In Hudson Yards, the majority, or 68 percent of the 20.9 million square feet of commercial built space are office buildings, with elevator buildings next occupying 17 percent of the space. In sales, Hudson Yards has near average sales volume among other neighborhoods with $333.6 million in sales volume in the last two years and is the 28th highest in Manhattan. For development, Hudson Yards has 2 times the average amount of major developments relative to other neighborhoods and is the 15th highest in Manhattan. It had 2 million square feet of commercial and multi-family construction under development in the last two years, which represents 10 percent of the neighborhood’s built space.

The block

On this tax block, PincusCo has identified the owners of six of the 13 commercial properties representing 550,252 square feet of the 699,084 square feet. The largest owner is SL Green Realty, followed by RGS Ninth Avenue Realty LLC and then Hornig Capital Partners.
On the tax block, there were two new building construction projects totaling 60,927 square feet. The largest is a 24-unit, 48,110-square-foot R-2 building developed by Andrew Lynn with plans filed September 17, 2015 and permitted November 23, 2015. The second largest is a 12-unit, 12,817-square-foot J-2 building developed by James Papaionnou with plans filed November 7, 2007 and permitted February 18, 2016.

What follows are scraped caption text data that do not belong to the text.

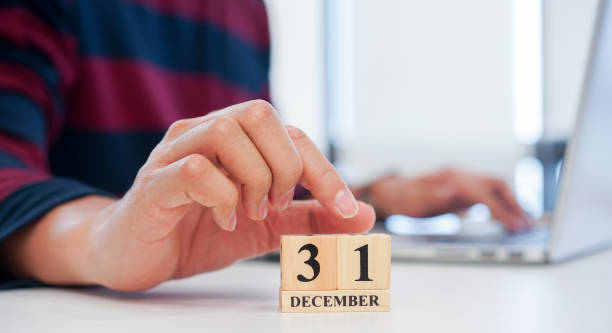 z bliska pracownik ręka umieścić numer 1 drewna w kształcie kostki, aby data kalendarza 31 grudnia w biurze na ostatni dzień ostatniej koncepcji odliczania roku - year block cube new years eve zdjęcia i obrazy z banku zdjęć
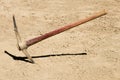 Pick Ax plunged into dirt ground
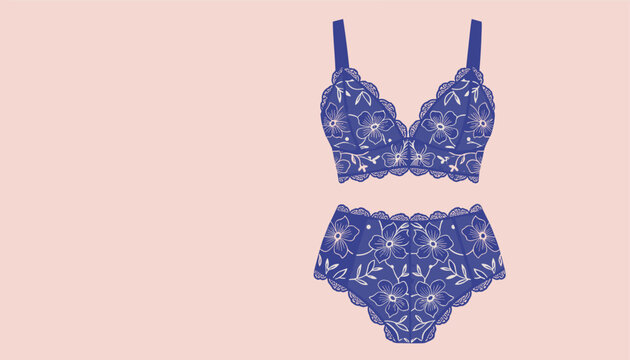 Beautiful blue lace female lingerie set consisting of a bra and high-waisted briefs decorated with floral pattern.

The majority, or 78 percent of the 699,084 square feet of built space are office buildings, with elevator buildings next occupying 19 percent of the space.

The buyer

The PincusCo database currently indicates that Kissling Interests owned at least four commercial properties in New York City with 45,204 square feet and a city-determined market value of $8.6 million. (Market value is typically about 50% of actual value.) The portfolio has $7.8 million in debt, borrowed from JPMorgan Chase. Within the portfolio, the bulk, or 83 percent of the 45,204 square feet of built space are walkup properties, with elevator properties next occupying 17 percent of the space. They are all located in Manhattan.